Joe Cocker, Iconic Rock Singer, Dead at 70
Even if The New York Times insists that the “celebrities die in threes” thing is a myth, I know I wasn’t alone in wondering who would be next, when music legends Bobby Keys and Ian McLagan died on two consecutive days earlier this month.
And, while it took a couple of weeks, it’s one of the creepiest things ever that the third to fall turned out to be Joe Cocker.
As I mentioned in my post mourning the loss of Keys:
…while most who do know and love his music associate him first and foremost with The Rolling Stones…I most closely associate Bobby Keys with his work on my all-time favorite live album, and the film for which it was the soundtrack, Joe Cocker’s Mad Dogs & Englishmen.

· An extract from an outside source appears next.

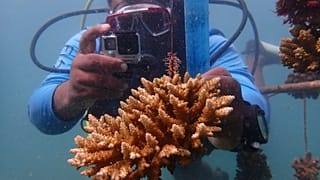 Ein künstliches Korallenriff vor der kenianischen Wasini-Insel im Juni 2022 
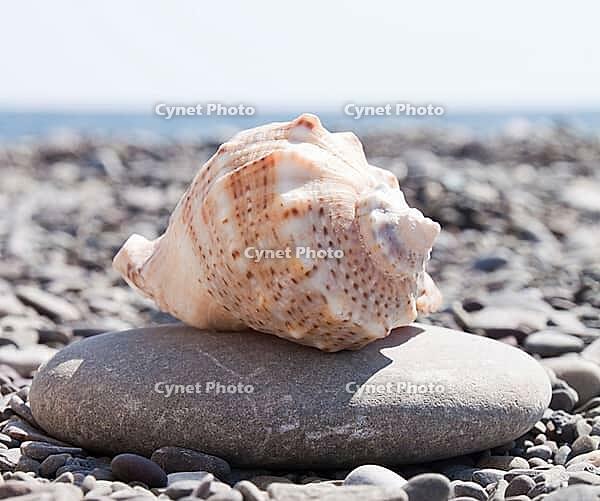 Beautiful shells on the stone beach, the sea [IBR124991116]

I even included a clip from Mad Dogs & Englishmen, featuring a gorgeous Bobby Keys solo.
And then, in my post honoring Ian McLagan, I listed the many musicians that McLagan played with, among them…Joe Cocker.
How strange is life and death, that these three — two of them 70-years old at the time of passing, the other 69, all of them major players in the glorious rock heyday of the 1960s and 1970s, and all three having made music together — should pass on within the span of three weeks?!
Well, what else can I say about Joe?
My cousin Richard gave me a vinyl copy of the 1970 release Mad Dogs & Englishmen, approximately 10 years after it came out, and I admit that I was slow to take to it. I didn’t recognize many of the songs, and I had yet to fall in love, as I decidedly am now, with the R&B and soul music that Joe Cocker, Leon Russell, et al. were clearly channeling at the time.
But, something led me to hold on to that record, and now, as I’ve said, it really is my undisputed, all-time favorite live album.
If I had to use one word to describe Joe Cocker’s greatness, I would use the word commitment, because, when you watch and listen to Joe perform, you see and hear a man committing himself to the music to the fullest extent possible, giving himself over to it completely, giving all of himself without reservation.
There’s no way to fake what he did, and it’s my personal opinion that if you don’t find the following at all stirring, if this 20-piece band, replete with full-blown choir, doesn’t course through you with the power of love, well then, you might want to check yourself for a pulse.
Rest in peace, Joe, and thank you, thank you, thank you for the many years of beautiful music!